NDP MP for Churchill—Keewatinook Aski (Manitoba)

Won her last election, in 2021, with 43% of the vote.

Statements in the House

U.S. Decision Regarding Travel Ban January 31st, 2017

Mr. Speaker, there is no question that tonight we are gathering in very dark times in the U.S., but given the recent tragedy where Muslim Canadians were killed here in our own country, it speaks of that same darkness here at home. However, in that darkness, and certainly we see it here tonight, there is hope.

I want to put on the record that this hope is in the galleries where so many people, many of whom are young, are here to stand up and demand better from their government. I say that because I know some of the people in that gallery. They are people who want a government that is going to denounce the racist policies of Donald Trump. They are also people who stand up for the rights of refugees and immigrants and who demand more from their government. I want to register that I am very proud of my generation and the people who are here tonight and those who are watching online and on TV who are saying, “No, we are not just going to sit by. We are going to be active. We are going to be active on the streets, in rallies, in vigils. We are going to be out there, and we are demanding better from our government.”

Does my colleague agree that many Canadians, including many young Canadians, are expecting not just some nice-sounding words in a tweet, but are demanding action that truly supports refugees and immigrants, that truly stands up against discrimination and Islamophobia? Essentially, it is a message that Canadians are demanding that their government truly stand up for them.

Employment January 30th, 2017

Mr. Speaker, Canadians are increasingly worried about their economic situation, and this is tied to the emerging crisis of precarious work that we are facing in our country. While the economy is staggering, the government is failing to protect and create good, full-time, permanent jobs. It has also failed to react to this crisis and, instead, prefers to tell Canadians to just get used to it. Canadians deserve a government that will fight for good jobs.

When will the government show leadership, stand up for Canadian workers, and fight for the good jobs that they deserve?

Public Services and Procurement December 14th, 2016

Mr. Speaker, it has been two months since the Phoenix deadline, and 10,000 cases have yet to be fixed, meaning thousands of Canadians are still waiting to get paid, yet we have learned that executives in charge of this fiasco are getting bonuses. Let us get this straight. Executives are getting performance bonuses for a program that does not work.

With the holidays around the corner, this adds insult to injury to the so many who are still waiting to get paid. Will the minister prove that her government takes this seriously and halt the bonuses until Phoenix is fixed?

Economic Development December 13th, 2016

Mr. Speaker, today on the Hill we are joined by laid off port workers who came all the way from Churchill to fight for our port. The closure of the port is devastating for Churchill and for our north. What is the Liberal record? The Liberals privatized it and are doing nothing to re-open it.

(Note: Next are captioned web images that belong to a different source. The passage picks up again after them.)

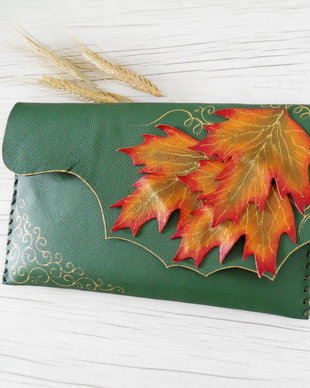 poseta plic handmade unicat din piele - Fall is Here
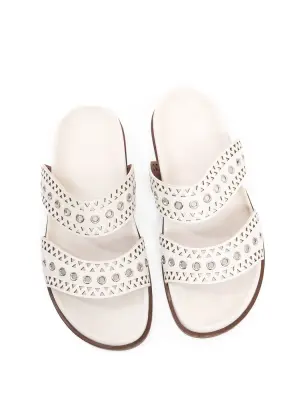 Sandales mules plates en cuir blanc à oeillets argent Prix boutique 990€ Taille 40 — photo 5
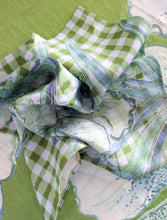 Load image into Gallery viewer, Orchid Gingham Linen Napkin - Set of 8
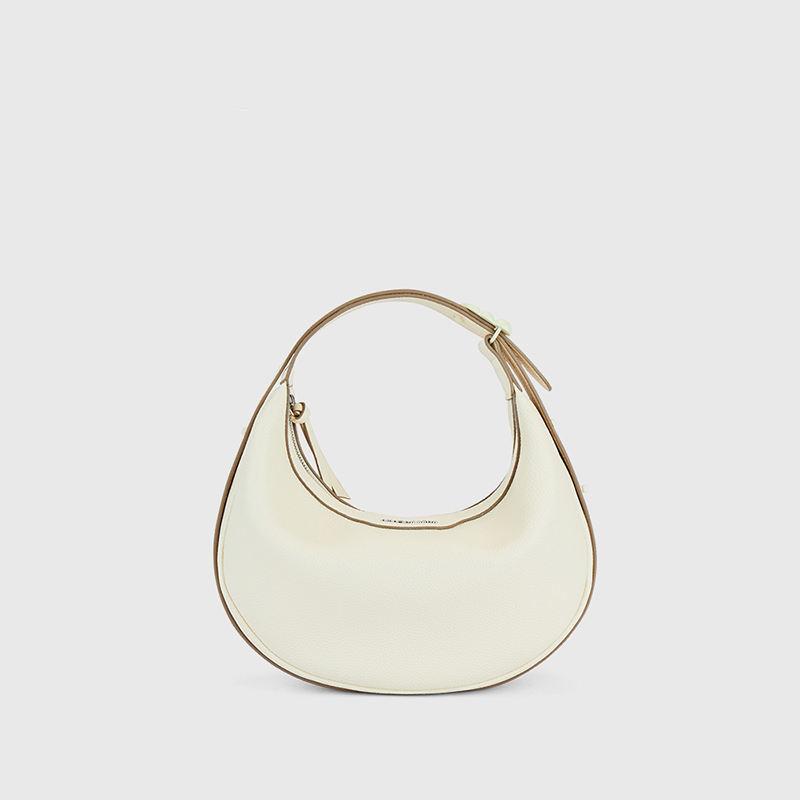 Chic Crescent Leather Crossbody Bag - Soft & Stylish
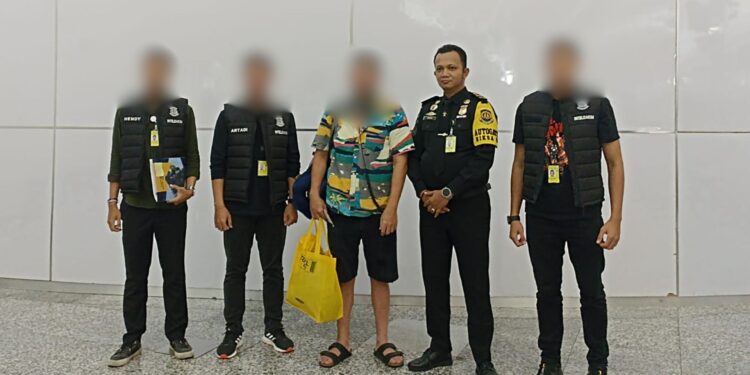 LANGKAH TEGAS IMIGRASI, DEPORTASI WNA MEKSIKO DILAKSANAKAN LANCAR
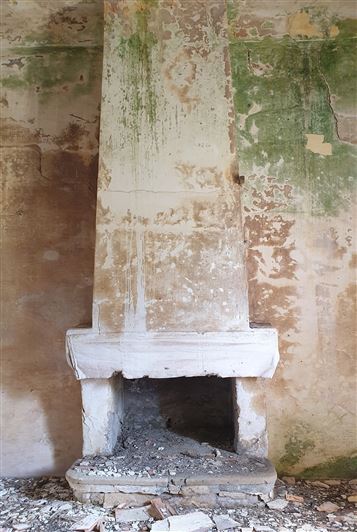 Image No.10-2 Bed Property for sale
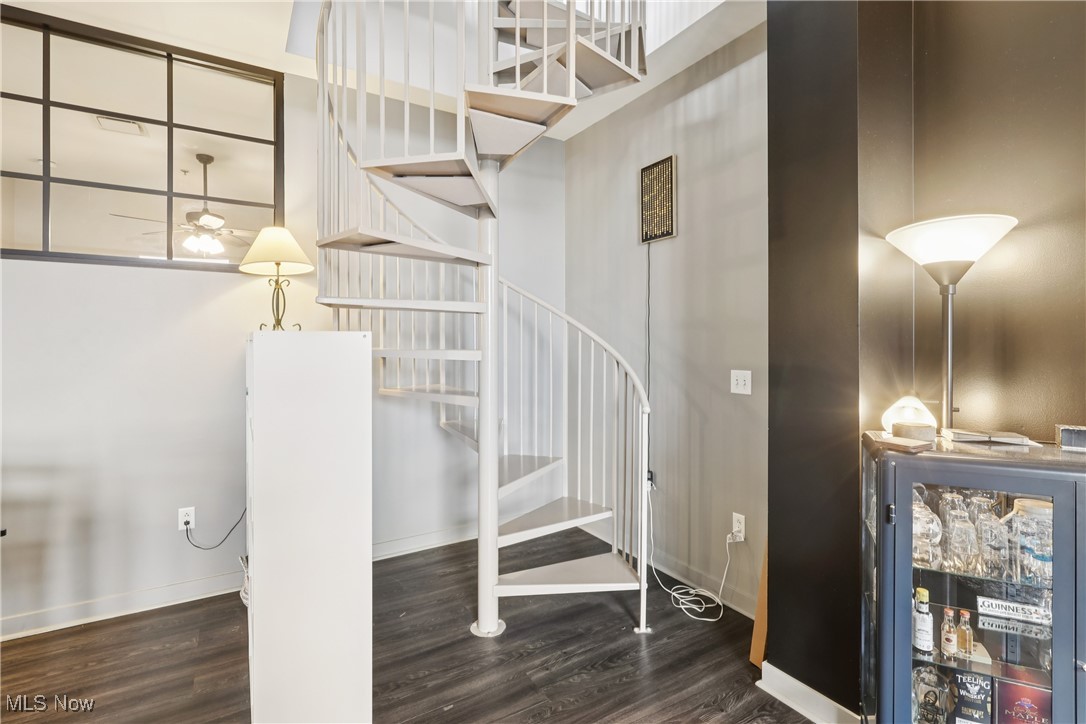 Carroll Ave Condo - Residential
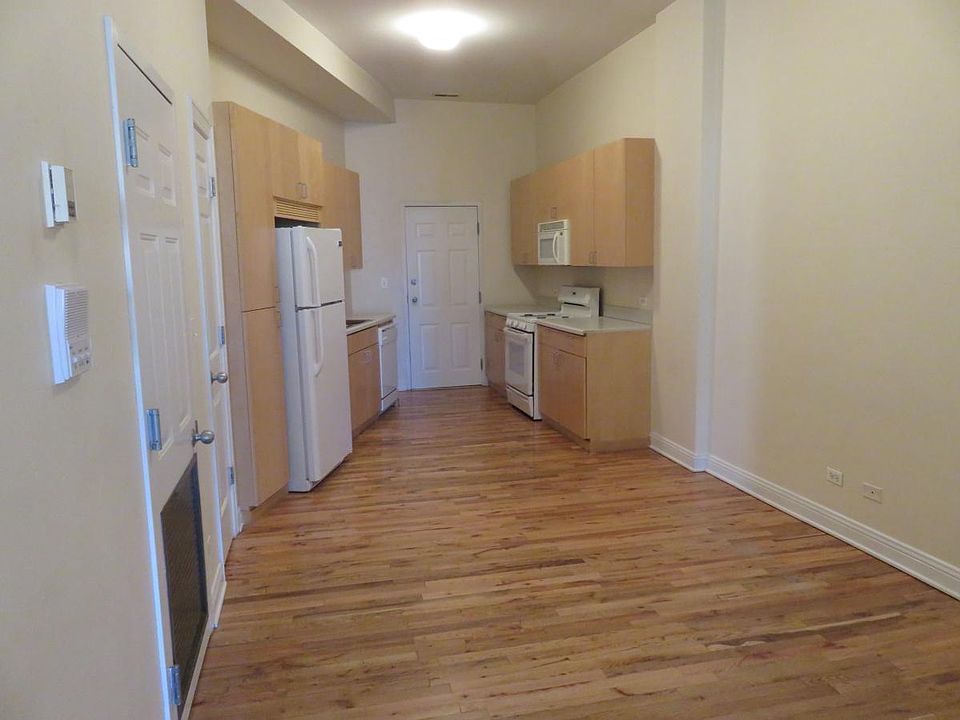 1st image of 2300 N Milwaukee Ave #2A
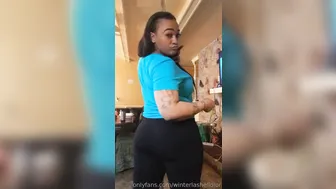 winterlashelldior sweet lady caresses pussy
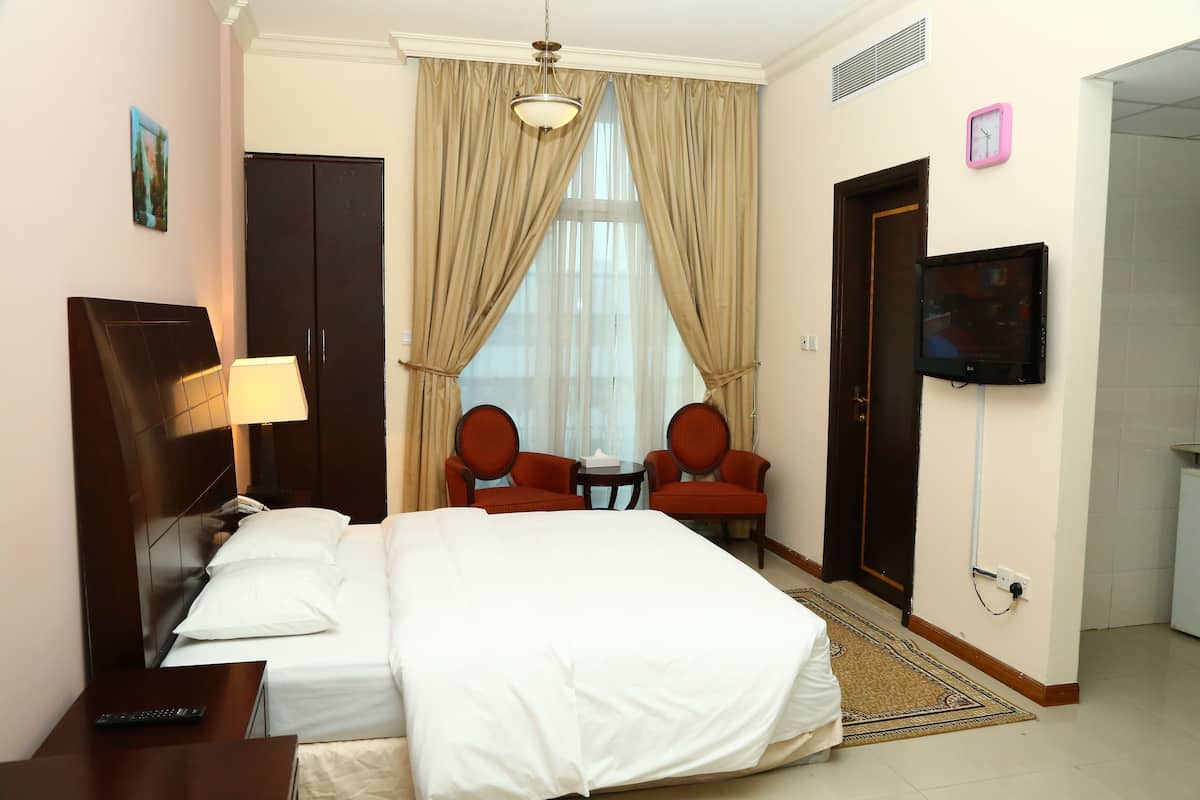 Standard Studio Suite | Premium bedding, in-room safe, desk, iron/ironing board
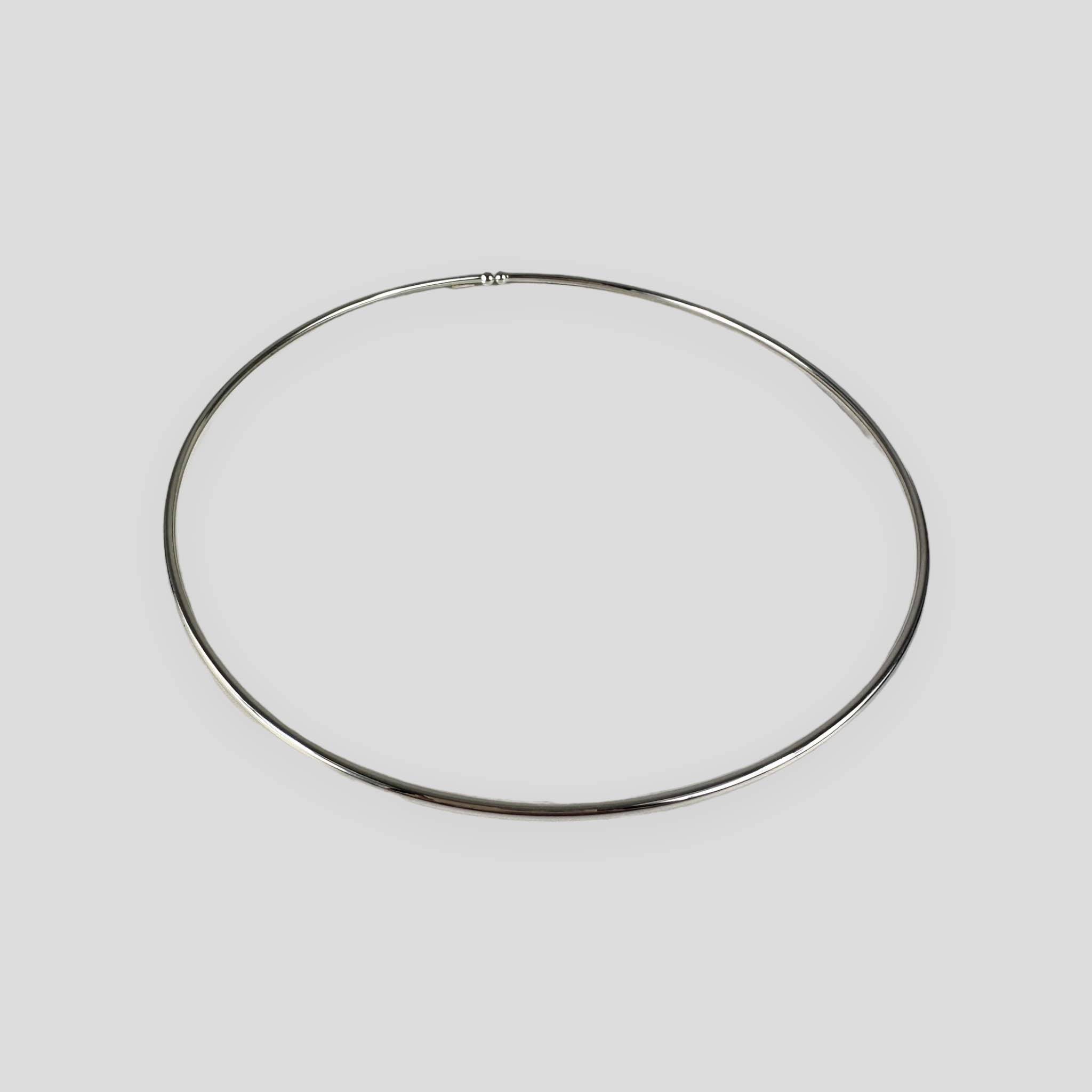 Collana girocollo rigida in argento 925, disponibile in 3 colorazioni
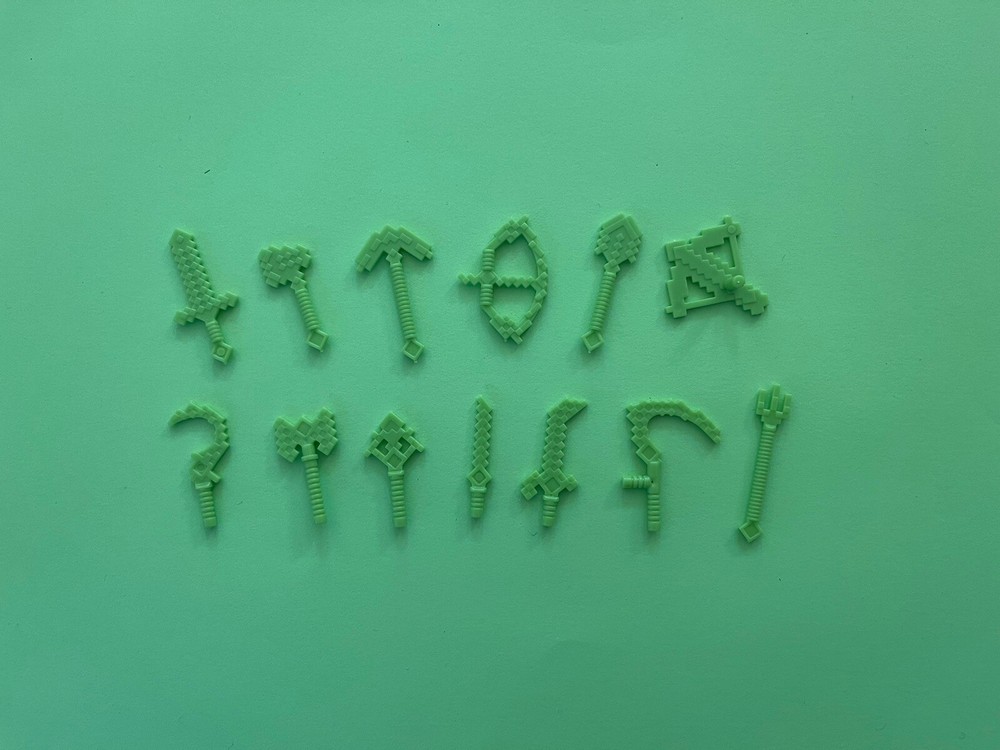 Lego Minecraft Emerald Weapons ( 13 Pieces)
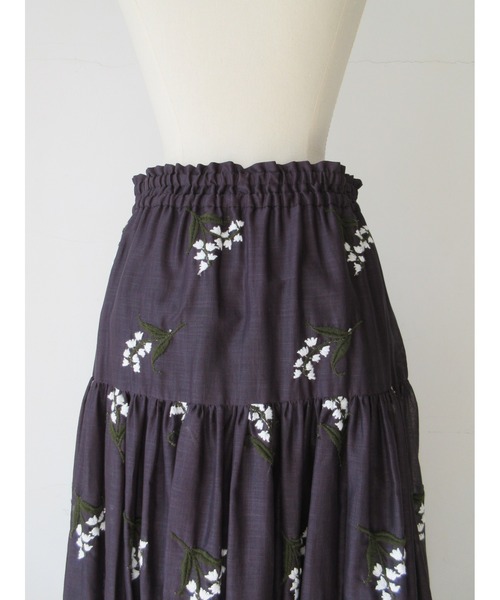 nesessaire（ネセセア）の「ミュゲ（すずらん）エンブロイダリースカート（スカート・レディース・ベージュ/ネイビー/ライラック・38）」の22枚目の写真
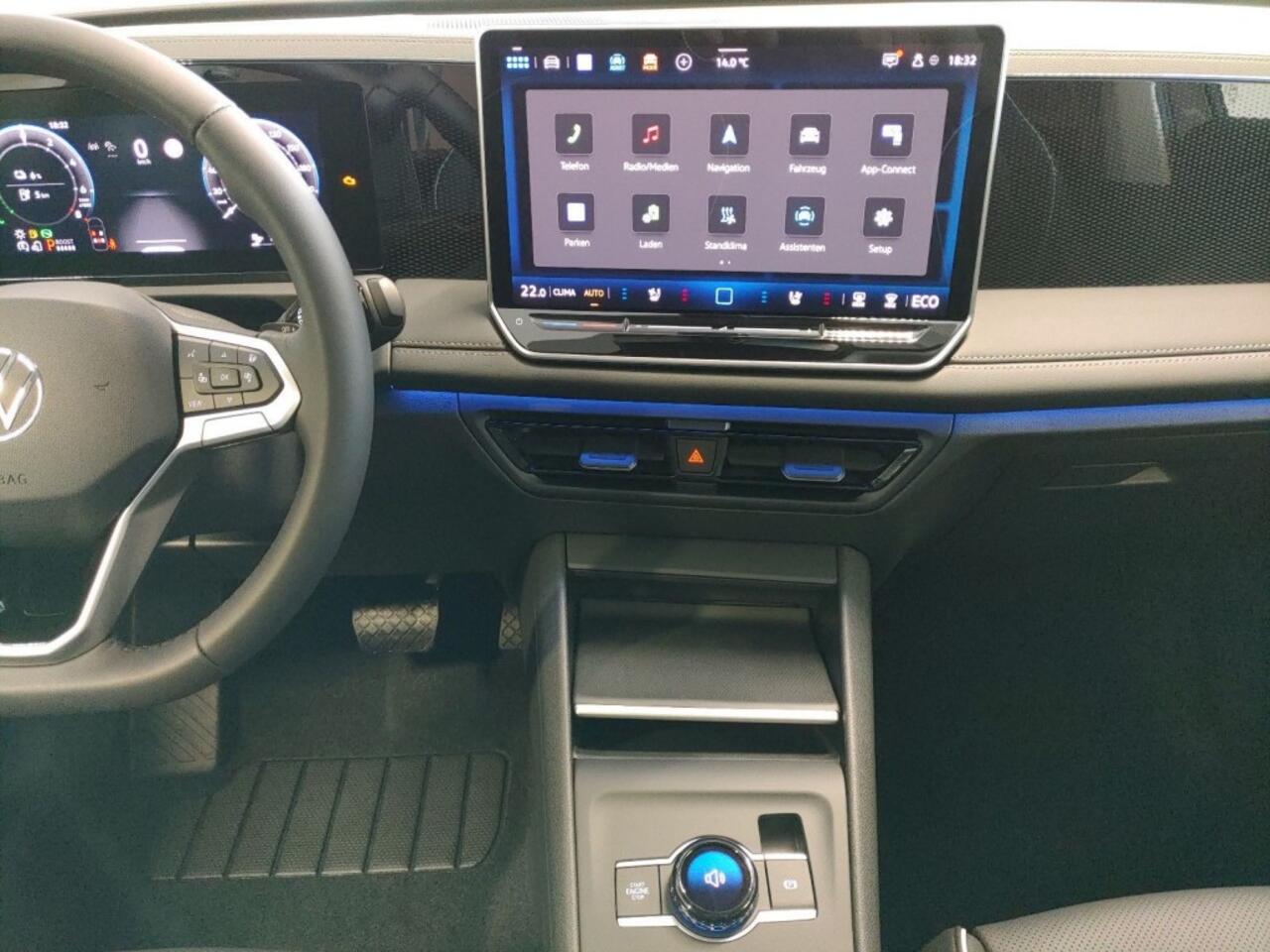 Volkswagen TIGUAN 1.5 TSI E-HYBRID LIFE TREKHAAK/CAMERA/LEDER/MEMORY/CARPLAY/ACC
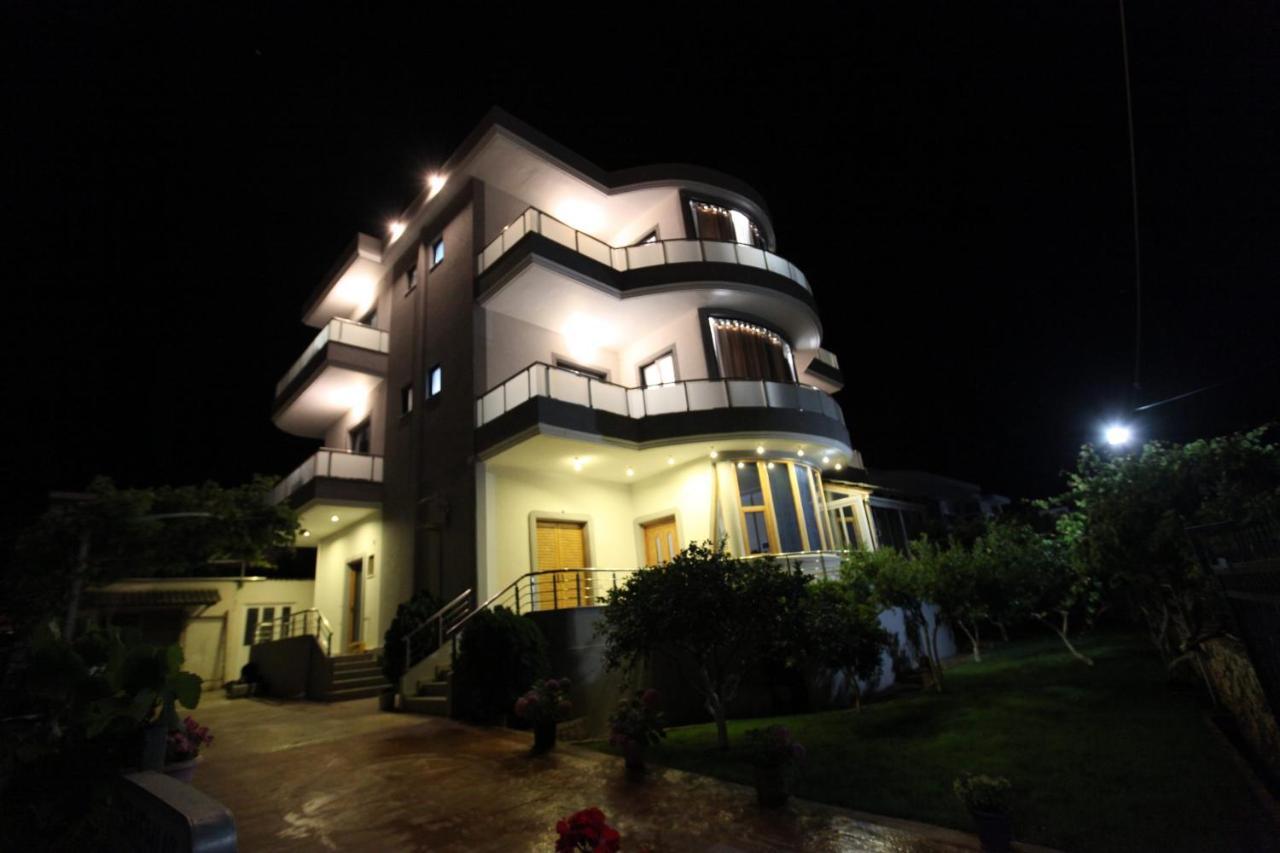 Vila Olserd Shehu Ksamil Luaran gambar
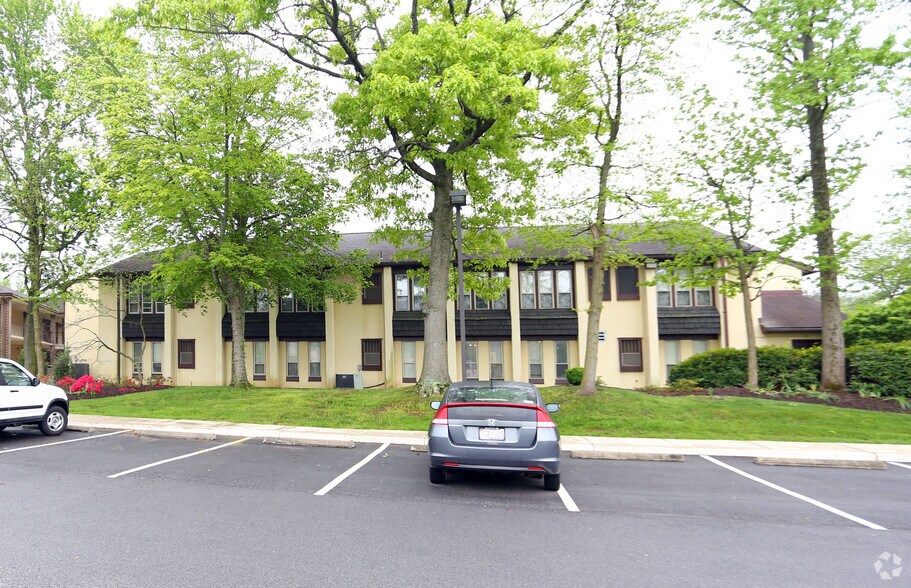 More Photos Of 9811 Mallard Dr, Laurel Medical For Lease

This is about standing up for our country. When will the Prime Minister stand up to the American billionaire who is holding Churchill and our north for ransom. When will he stand up for Churchill, for our north and for Canada?

Comprehensive Economic and Trade Agreement December 12th, 2016

Mr. Speaker, I thank my colleague for his comments.

I do not think my point has come across. What we were told is that young men and women want more choice when it comes to jobs. As we know, many do not want to move away and they want more secure jobs than those provided by the Canadian Armed Forces. Of course, it goes without saying that some do want to join the armed forces.

We must recognize that relying on the armed forces, for example, is not an economic policy that our country can support. There must be choice. Our young people must have choices. What is obvious in today's Canada is that there are fewer and fewer choices when it comes to careers or full-time jobs. We must change that, and that is why we oppose the bill before us.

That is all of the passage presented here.